In the past year, Provident Bank further advanced its strong leverage in real estate lending and cash management sales and deposits, while embarking on a significant transition in the Commercial Banking Division.


A year of growth
 Provident’s residential and commercial real estate lending operations enjoyed an impressive year in terms of both production and credit quality. This success was reflected in all three markets—the Baltimore area, Montgomery County and Northern Virginia, which experienced exceptional growth, thanks to a particularly strong economy in that region. Contributing to this achievement was small builder lending, a new initiative integrated into the real estate area in 2000.


Dick Oppitz, Executive Vice President, said, “2000 was a very successful year for us. In real estate lending, we leveraged strong market conditions in both Baltimore and suburban Washington to achieve growth of over 30% in this portfolio—and we accomplished the growth without compromising our underwriting or structuring standards. We expect our core markets to remain healthy and look to continue our success.”

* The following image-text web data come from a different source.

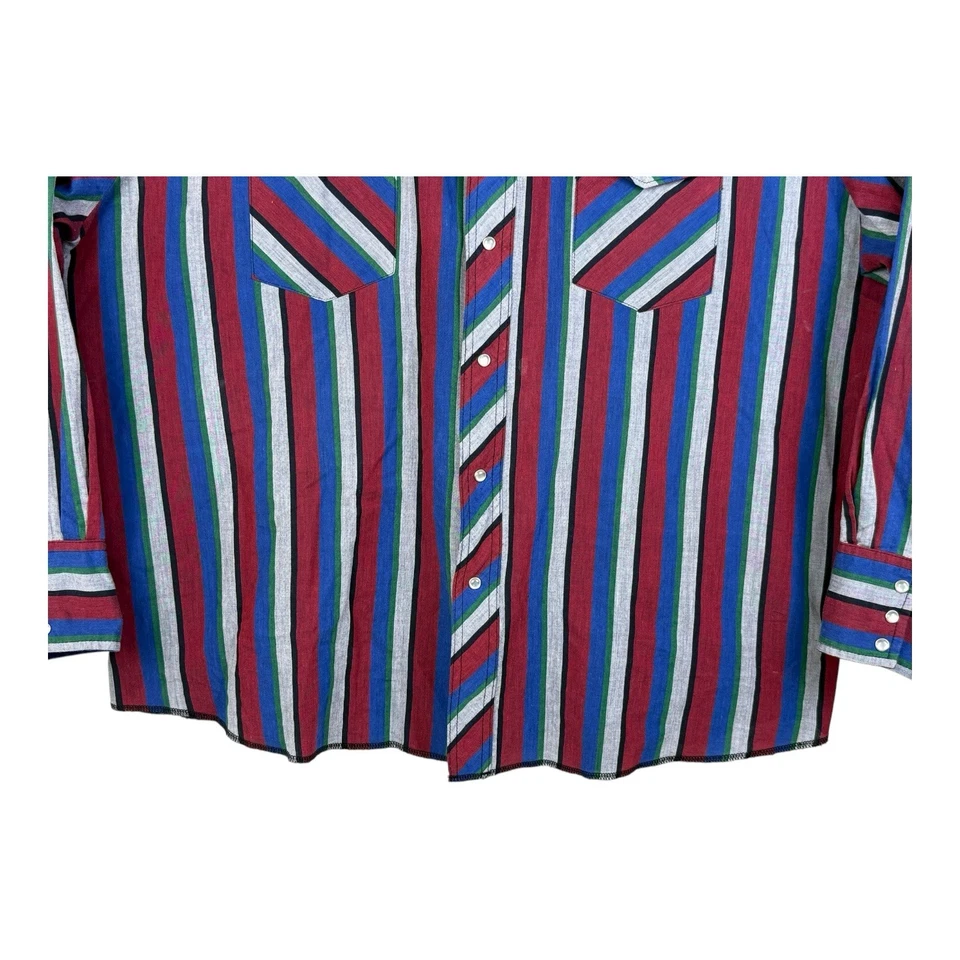 Camisa Vintage Rustler 2XL Azul Rojo Rayas Colas X Largas Perla A Presión L/S Abotonada Foto 3 de 4
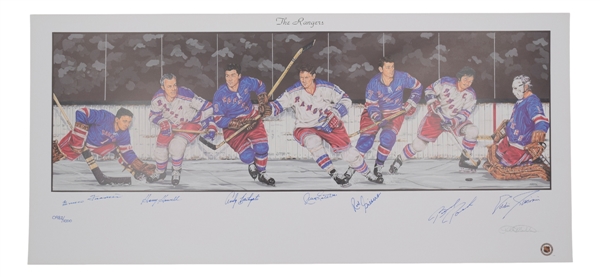 New York Rangers Limited-Edition Lithograph Autographed by 7 HOFers (18" x 39")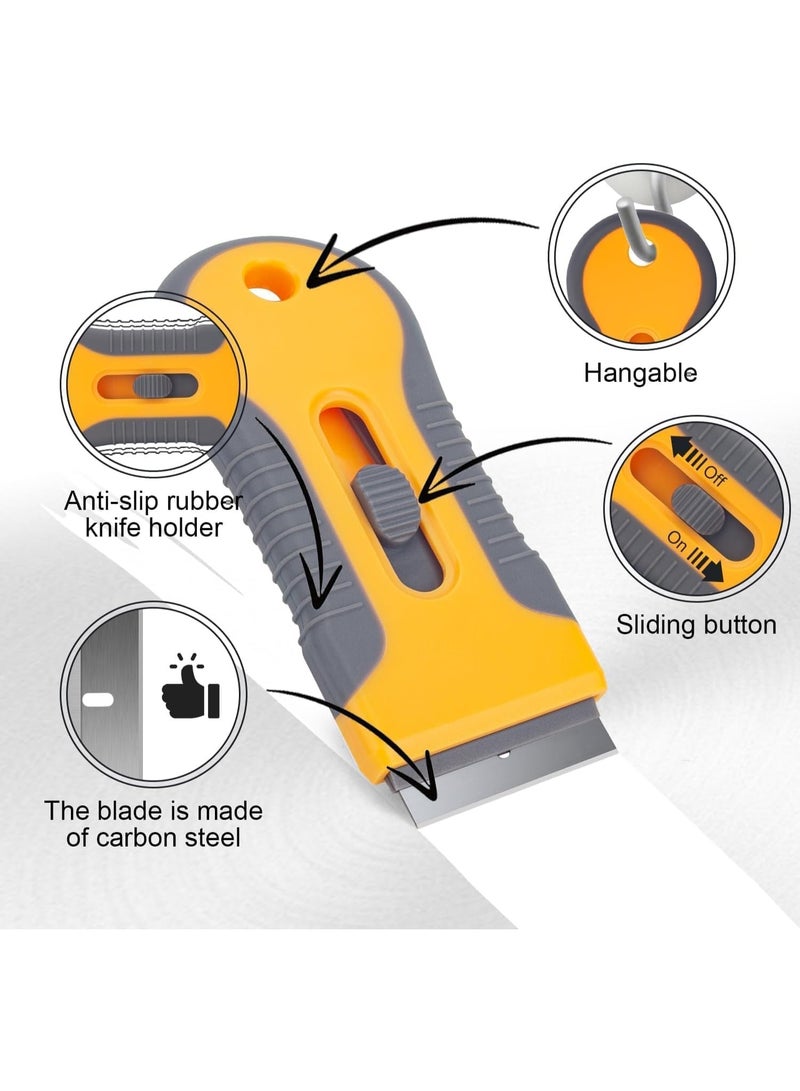 Arabest Adhesive Remover Scraper,Car Sticker Remover,Glass Stove Top Razor Scraper Label,Glue,Paint,Adhesive Removal Tool with 10 Stainless Steel Razor Blades, Multi-purpose Cleaning Scraper - Image 3
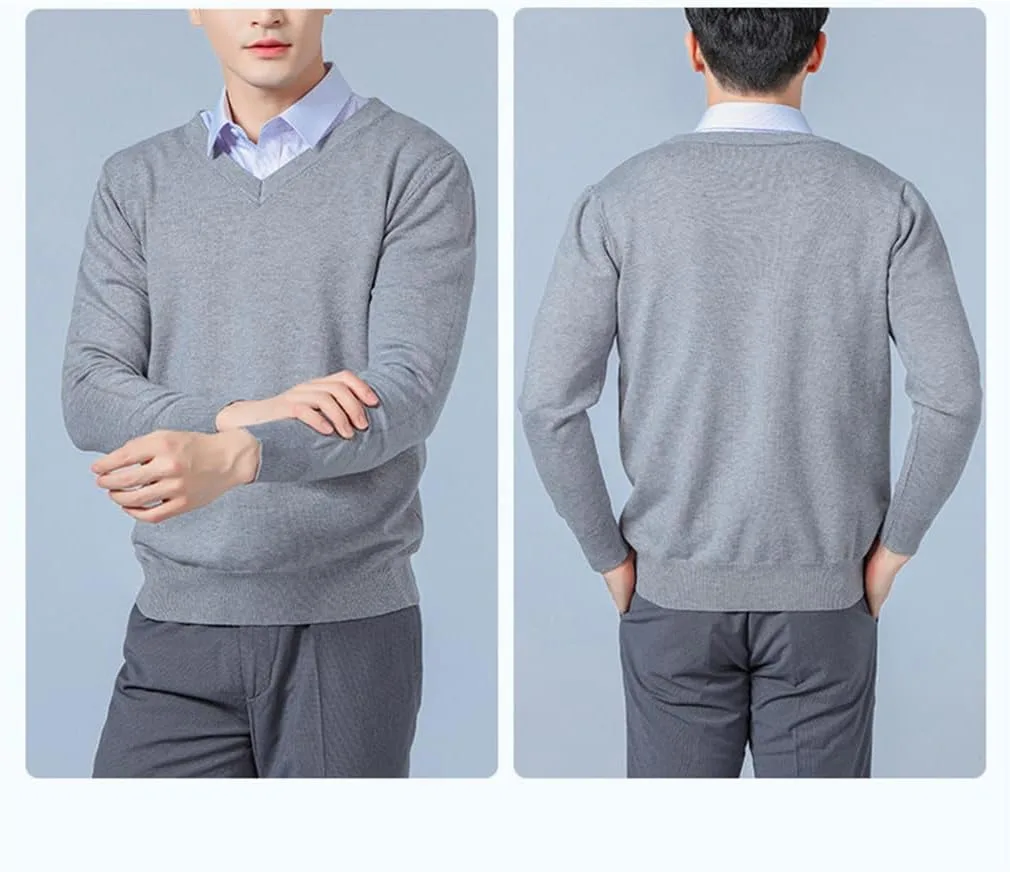 Мужской свитер V-образный вырез Wool Knitted Jumpers — фото 2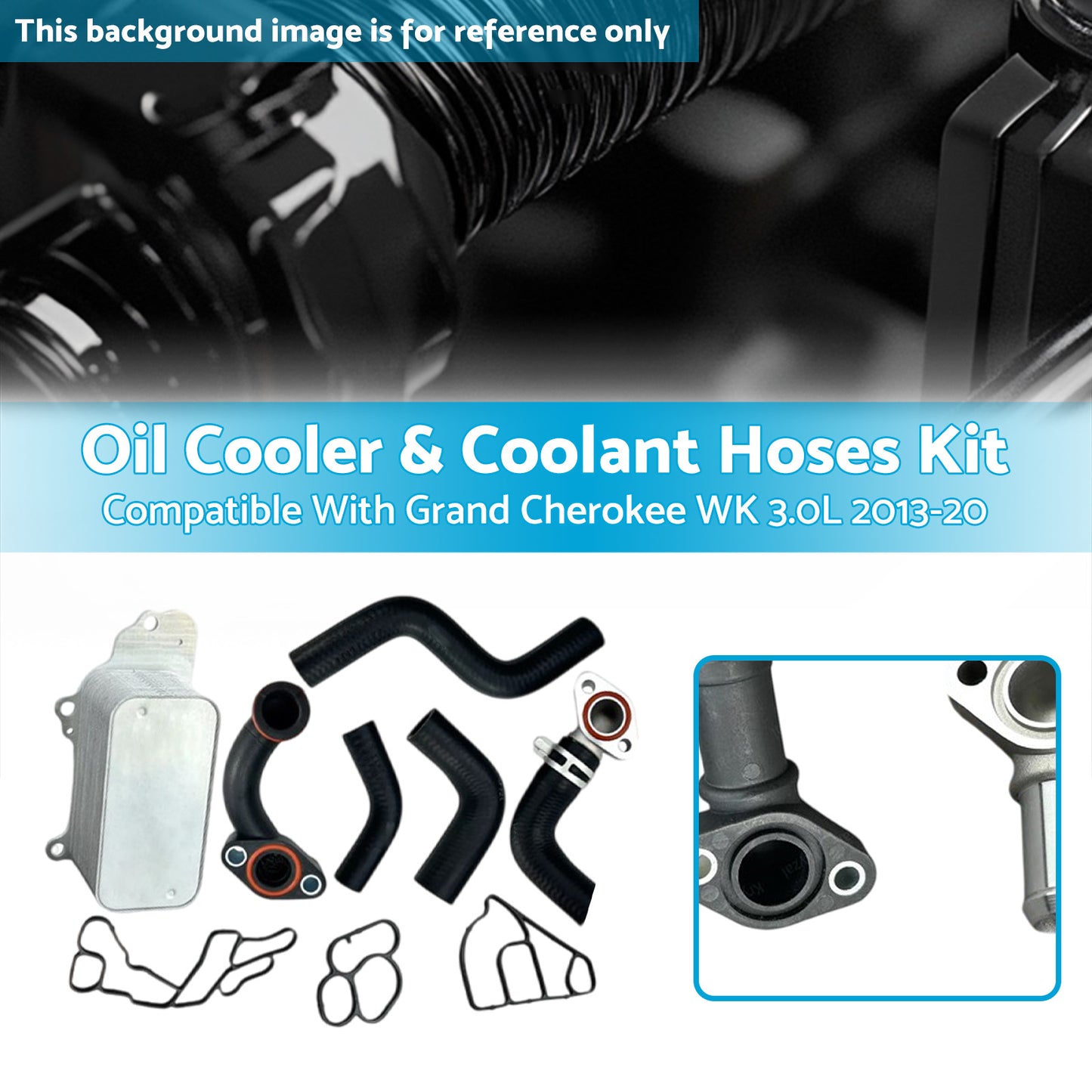{{ Oil Cooler & Coolant Hose Set Suitable For Jeep Grand Cherokee 3.0L Eco Diesel }} - Buy Car Parts Online at {{ Kaka Auto Parts }}.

One of the Group’s greatest success stories in 2000 was in the area of Cash Management, which increased commercial-related deposits by 30% and assessed fees by 58% compared to 1999. With the development of specialty niches, particularly with title companies, Cash Management experienced a tremendous amount of activity in a short period of time—activity that translated into more than double the monthly volume of associated fee income.


A change in focus
 The Baltimore Commercial Division, under new Managing Director Hugh Newton, refocused its efforts toward in-market and middle-market banking—concentrating heavily on local and regional companies that typically borrow $1 to $5 million—instead of lower-yield, higher-dollar syndicated transactions with national companies.


A strategy for 2001
 Provident’s Commercial Banking Group consequently reached the end of 2000 with an elevated sense of optimism and the promise of unparalleled growth in 2001. This was fueled by ongoing cash management product upgrades, an ambitious prospect calling program that complements Provident’s strong customer service reputation and new tools to better measure profitability and allocate resources accordingly.



Our Business Is Service

Provident’s Commercial Banking Group is comprised of three divisions: Commercial Banking, Real Estate Lending and our Suburban Washington Group, which handles commercial and real estate lending from locations in Gaithersburg and Tysons Corner.
In 2000, the Group experienced success and growth—particularly in the areas of real estate lending and cash management:
A strong year in real estate lending resulted in growth of 39.1% to $515.7 million.
The new focus on small builder lending in the real estate area generated $7 million in loan outstandings during the year.
Year-end cash management deposits reached $255.2 million, a 29.7% increase over 1999.
The Cash Management area assessed fees of $2.2 million—a growth of 58% over 1999.
Leasing subsidiary outstandings grew to $17.9 million after only 18 months in business.